Re: netfilter expected behavior for established connections

[imnozi]

On Wed, 12 Mar 2025 00:56:48 +0100
Antonio Ojea <antonio.ojea.garcia@gmail.com> wrote:

> Hi,
> 
> I'm puzzled trying to understand the following behavior, appreciate it
> if you can help me to understand better how this works.
> 
> The setup is like this:  Client --- Router --- Server
> 
> - Router DNATs to a Virtual IP and Port of the Server.
> - Client establishes a permanent connection to the Virtual IP.
> - Router adds a REJECT rule in the FORWARD hook for the Server IP
> 
> I expect the REJECT to match the established connection, but the
> client keeps reaching the Server using the existing connection.
> 
> The packets of the established connection do not show up on the traces
> using nftrace.
> 
> Is it possible to "DROP/REJECT" the established connection ?

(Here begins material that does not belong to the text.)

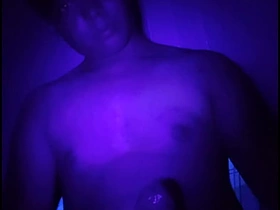 亚洲嫩弟打飞机射精5次配黑光 ryoma japanese gay porn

If I understand correctly, if you want to terminate a TCP conn with iptables, you can:

  iptables -N disconn
  iptables -A disconn -p tcp -m state --state ESTABLISHED \
      -j REJECT --reject-with tcp-reset
  iptables -A disconn -j REJECT --reject-with icmp-admin-prohibited

If your other rules determine that a conn should be shut down, they should jump to chain 'disconn' which will immediately reset the the sender's end if it's a TCP conn and cause all other packets for that conn from that end to be rejected. Each end must send a TCP packet on that conn for it to be fully reset.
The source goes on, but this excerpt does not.